_Exercise instructions_: For the data below, give the number of lines that include the word "Property" and nothing else.

***** Records for processing *****

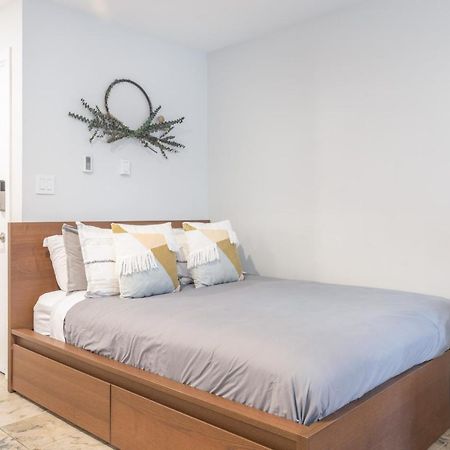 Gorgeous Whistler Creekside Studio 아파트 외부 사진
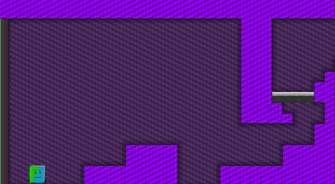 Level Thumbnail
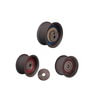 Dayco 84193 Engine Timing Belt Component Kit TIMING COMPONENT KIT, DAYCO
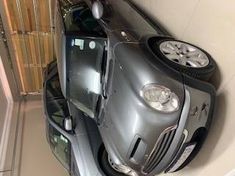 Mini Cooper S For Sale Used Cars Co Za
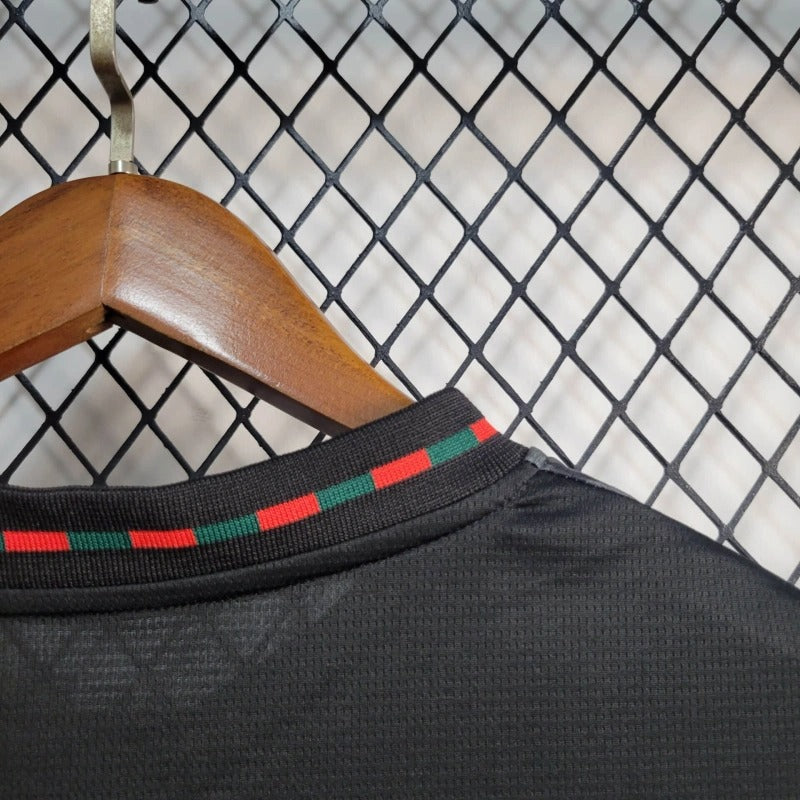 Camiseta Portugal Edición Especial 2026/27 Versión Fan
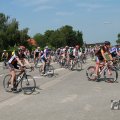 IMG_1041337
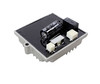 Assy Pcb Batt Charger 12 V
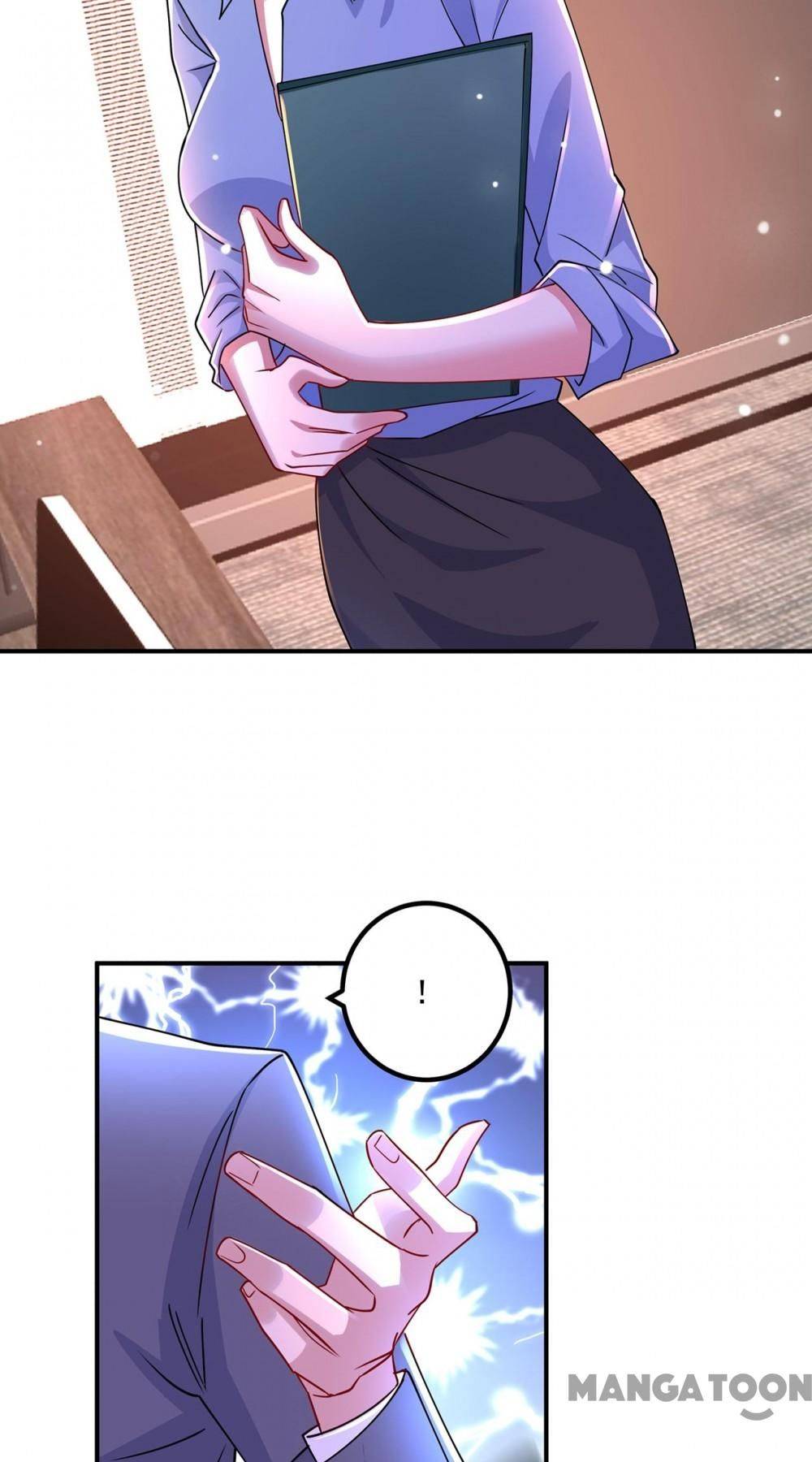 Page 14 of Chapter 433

*****
***** Records for processing *****

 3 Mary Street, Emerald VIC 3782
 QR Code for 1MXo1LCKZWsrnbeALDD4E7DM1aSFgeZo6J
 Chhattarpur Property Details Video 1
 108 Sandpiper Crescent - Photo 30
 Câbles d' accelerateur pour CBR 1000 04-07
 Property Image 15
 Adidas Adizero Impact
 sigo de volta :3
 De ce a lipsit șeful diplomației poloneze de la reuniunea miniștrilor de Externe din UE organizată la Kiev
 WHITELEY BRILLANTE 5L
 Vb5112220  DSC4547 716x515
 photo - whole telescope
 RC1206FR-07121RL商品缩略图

*****

_Solution to the problem_: 2